Contact centers, while a necessity for any business, are expensive to run, primarily because of labor costs. While self-service technologies have progressed in recent years and customers are willing to use them for simple inquiries, they still want a human being if they reach a snag. Any contact center looking to stick to a budget, therefore, should look to keeping labor costs low. Unfortunately, this doesn’t mean understaffing the contact center, which can lead directly to customer dissatisfaction and churn (not to mention burned out agents with high turnover rates).

Workforce optimization is the best solution to realize cost savings in the contact center, according to a recent blog post by call accounting solutions provider ISI (News - Alert) Telemanagement Solutions Inc., particularly if it’s delivered via the cloud.

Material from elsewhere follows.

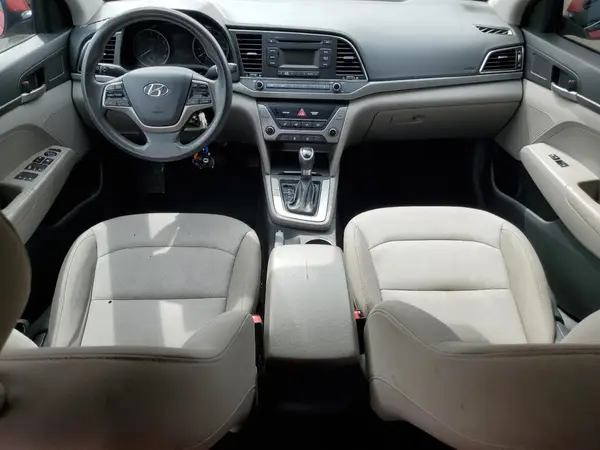5NPD74LFXJH324372 2018 HYUNDAI ELANTRA - Image 8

“Whether you have a 20-agent call center, or thousands of agents in a multi-site complex, workforce optimization provides a solution that custom fits your needs,” according to the company. “Coupling the most advanced technology with the easiest user interface, workforce optimization delivers ­flexible software that maximizes productivity, while lowering administrative costs. Users gain a Web-based solution accessible from anywhere with an Internet connection.”

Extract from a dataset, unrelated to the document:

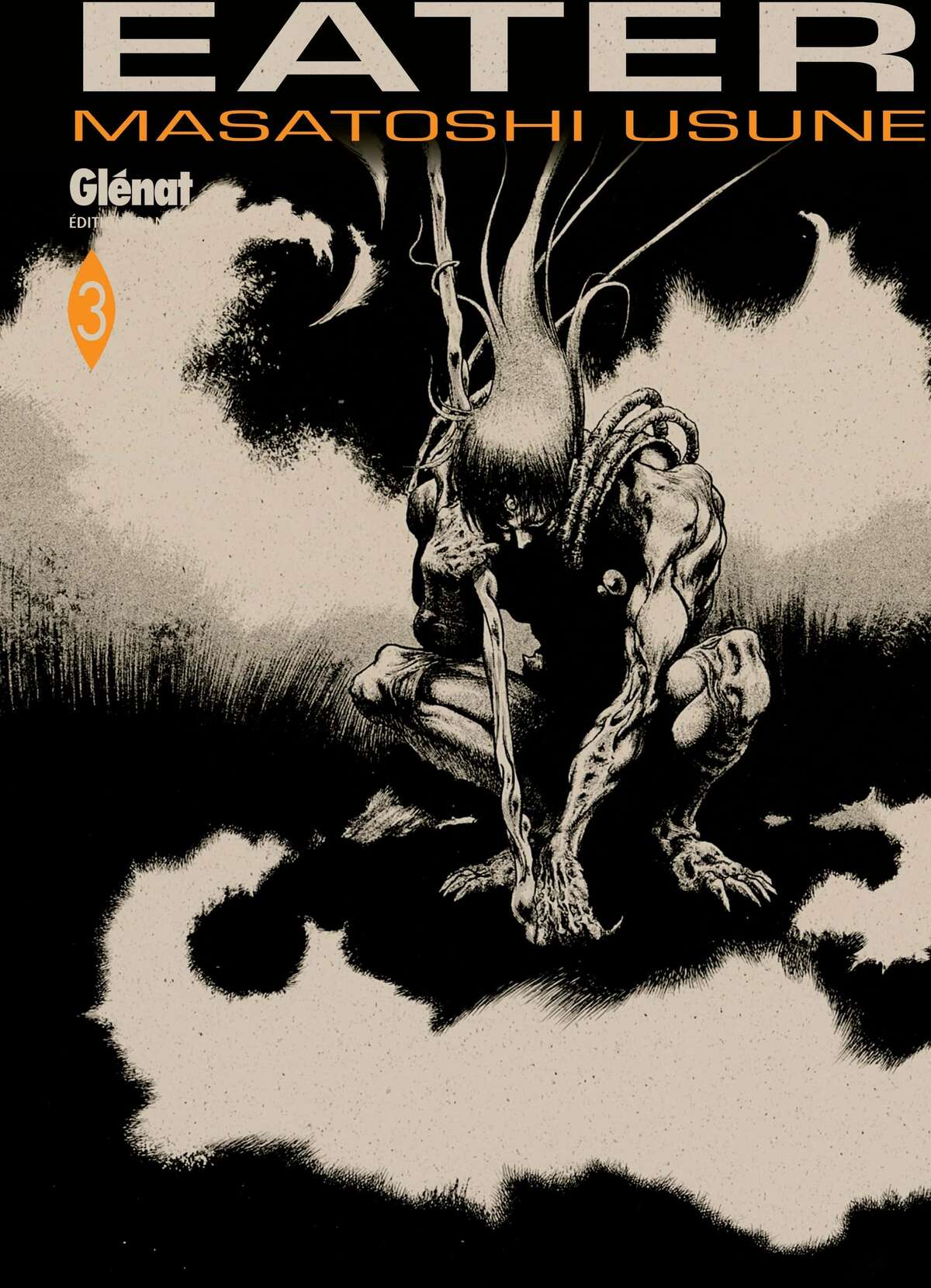 EATER Volume 3 page 1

The ability to schedule the right number of people at the right time and optimize their performance for an improved customer experience is the best way to avoid expensive overstaffing as well as customer relationship-killing understaffing and monitor quality at the same time. Workforce management and scheduling are important elements of workforce optimization, but there’s more to it than that. Call and desktop recording allows companies to attain a complete understanding of communications while keeping track of quality metrics and agent performance (and thanks to the cloud, managers can monitor quality from anywhere via mobile devices).

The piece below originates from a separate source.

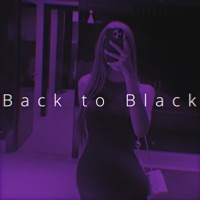 Back to Black (Sped Up) - Single - Ren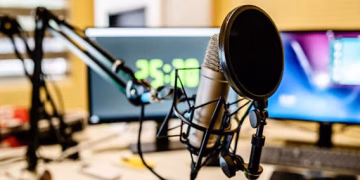 audio streaming, cabina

Analytics are also a critical element of today’s workforce optimization solutions, and many software offerings come with analytics built in. This feature helps contact centers turn unstructured, unsearchable voice communications into structured, searchable data. Managers can use these tools to ­find recordings based upon call data such as ACD queue, hold times, and related calls; post-contact survey results that help monitor quality; desktop data ­fields such as customer or patient identifi­ers; and even critical statements that indicate dissatisfied customers or missing compliance disclosures if the workforce optimization solution includes speech analytics.

Using the data gathered and analyzed by a workforce optimization solution, managers can monitor, coach, train, create easy performance reviews and improve contact center operations based on the actionable data gathered. Many modern WFO solutions include “gamification” features that make it easier (and more fun) for agents to take a stake in their own performance (by raising their performance level to earn points, badges or compete with co-workers).

In an environment that is continually seeking to keep a lid on labor costs, workforce optimization is one of the best methods a contact center can use to ensure that efforts aren’t wasted or duplicated, workers are performing to their potential and customer satisfaction isn’t taking a hit.